Work instruction: The expected copy holds every entry exactly and none of the pictures.

Material for the task:
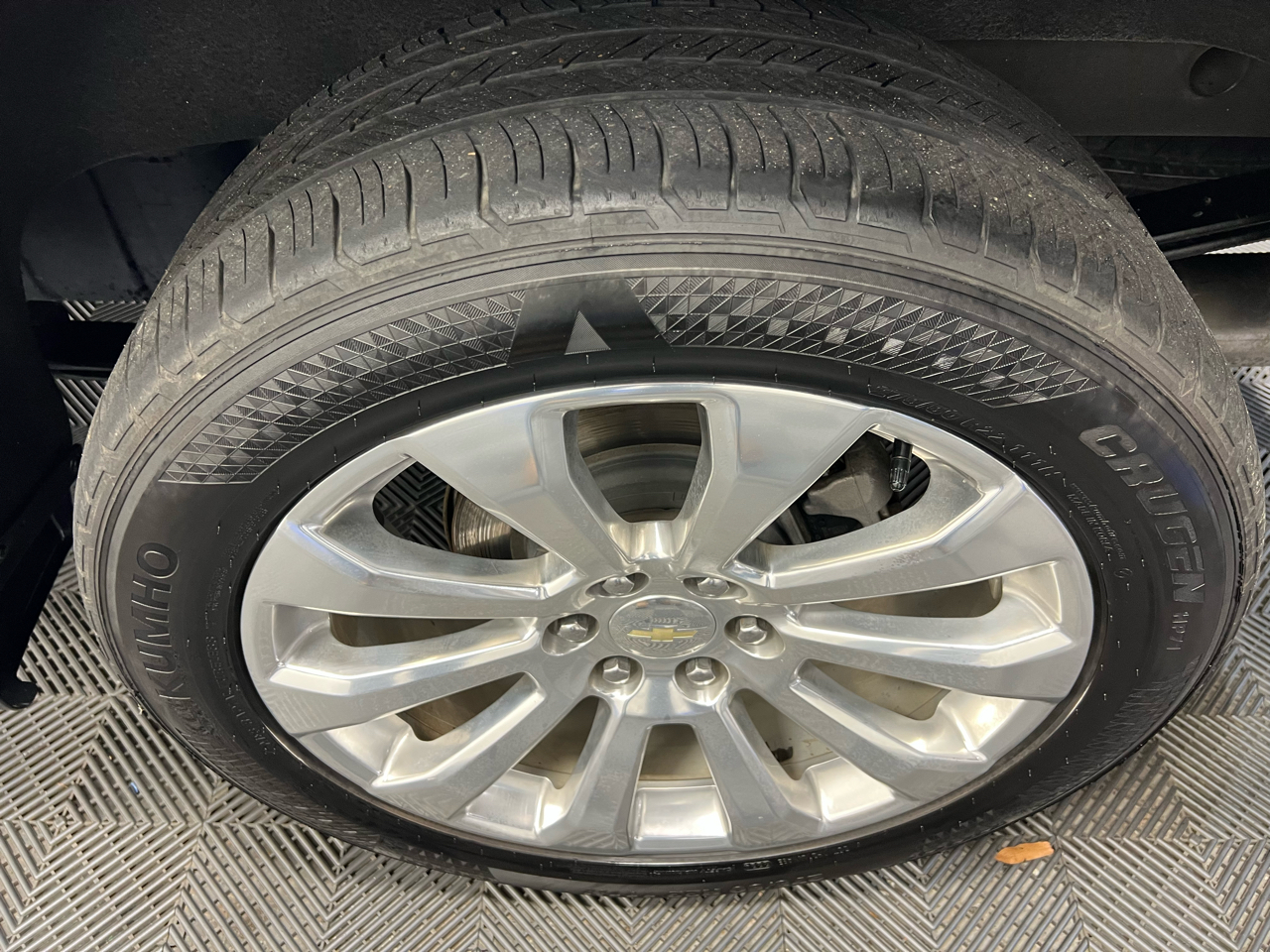 Chevrolet Silverado 1500 4WD Crew Cab 147" High Country 2020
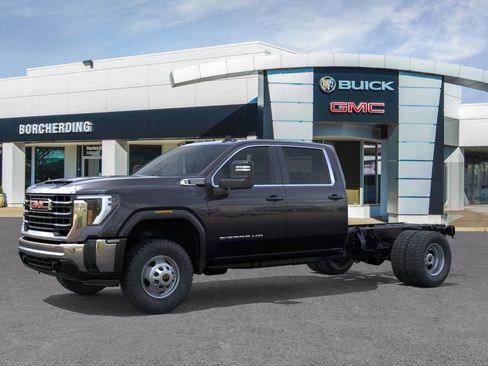 New 2025 GMC Sierra 3500 Pro w/ Convenience Package image 2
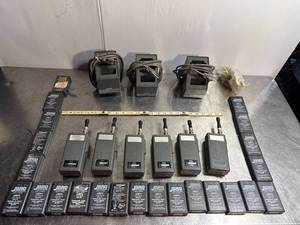 lot 77 image: Vintage Maxon CP-0530 UHF Transceivers with JBRO Batteries and Chargers 1987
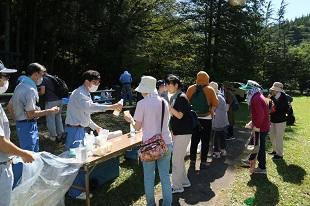 企業団で製造している3種類のボトルドウォーターを飲みながら水分補給している様子です。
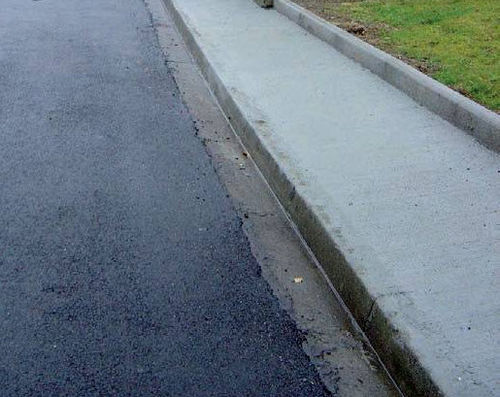 Bordura per marciapiede - Perin - in calcestruzzo / lineare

Reply:
 Chevrolet Silverado 1500 4WD Crew Cab 147" High Country 2020
 New 2025 GMC Sierra 3500 Pro w/ Convenience Package image 2
 lot 77 image: Vintage Maxon CP-0530 UHF Transceivers with JBRO Batteries and Chargers 1987
 企業団で製造している3種類のボトルドウォーターを飲みながら水分補給している様子です。
 Bordura per marciapiede - Perin - in calcestruzzo / lineare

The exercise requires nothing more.